-- Opening Marker --
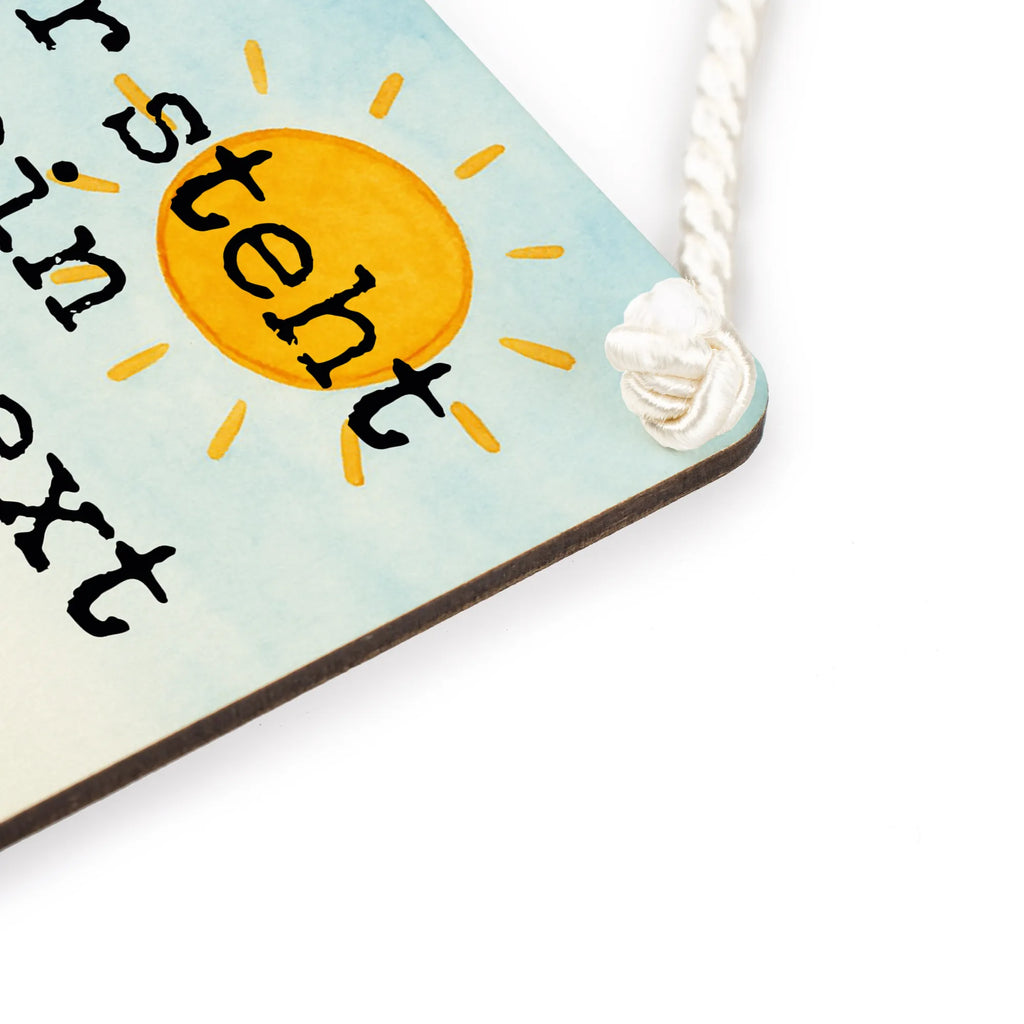 Personalisiertes Deko Schild Einhorn Koffer Design Deko Schild Mit Blumenmotiv Und Gravur, Deko Schild Für Balkon Mit Namen, Schild Zum Hinstellen Mit Text, Personalisiertes Deko Schild, Deko Schild Für Familie Mit Text, Lustiges Deko Schild Mit Wunschtext, Dekoschild Personalisiert, Deko Schild Für Flur Mit Gravur, Deko Schild Selbst Gestalten, Wandschild Mit Text, Rustikales Deko Schild Personalisiert, Türschild Mit Namen, Deko Schild Mit Gravur, Deko Wandtafel Mit Namen, Deko Schild Als Geschenk Personalisiert, Shabby Chic Schild Mit Wunschtext, Vintage Deko Schild Mit Gravur, Großes Deko Schild Personalisiert, Deko Schild Für Freunde Mit Namen, Geschenkidee Deko Schild Mit Text, Schild Zum Aufstellen Mit Wunschtext, Deko Schild Mit Spruch, Deko Schild Mit Wunschtext, Deko Schild Für Wohnzimmer Mit Wunschtext, Schild Mit Individuellem Text, Spruchschild Mit Wunschtext, Deko Schild Mit Namen, Schild Mit Botschaft, Kleines Deko Schild Mit Wunschtext, Deko Schild Für Garten Mit Wunschtext, Metallschild Personalisiert, Landhausstil Schild Mit Namen, Deko Schild Für Küche Personalisiert, Modernes Deko Schild Mit Text, Liebevoll Gestaltetes Deko Schild Mit Wunschtext, Deko Schild Mit Herz Und Text, Holzschild Mit Wunschtext, Einhorn, Einhörner, Einhorn Deko, Unicorn, Verreisen, Koffer, unicorn, witzig, Erwachsen, Reise, Gepäck, Kind, Abenteuer, albern, Spaß, lustig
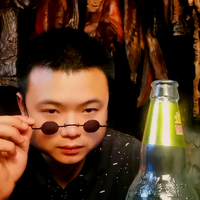 用户80969690641头像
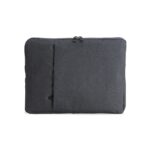 Pasta para Tablet e Notebook 14 - Imagem 6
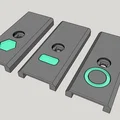 MK3S+ MMU2 & MMU3 Che - Thumbnail 2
-- Closing Marker --
● ACTIVITY
Locate "Pasta para Tablet e Notebook 14 - Imagem 6" in the listing above, then print exactly the lines from that line through the final one, omitting all pictures.

● THE ANSWER
 Pasta para Tablet e Notebook 14 - Imagem 6
 MK3S+ MMU2 & MMU3 Che - Thumbnail 2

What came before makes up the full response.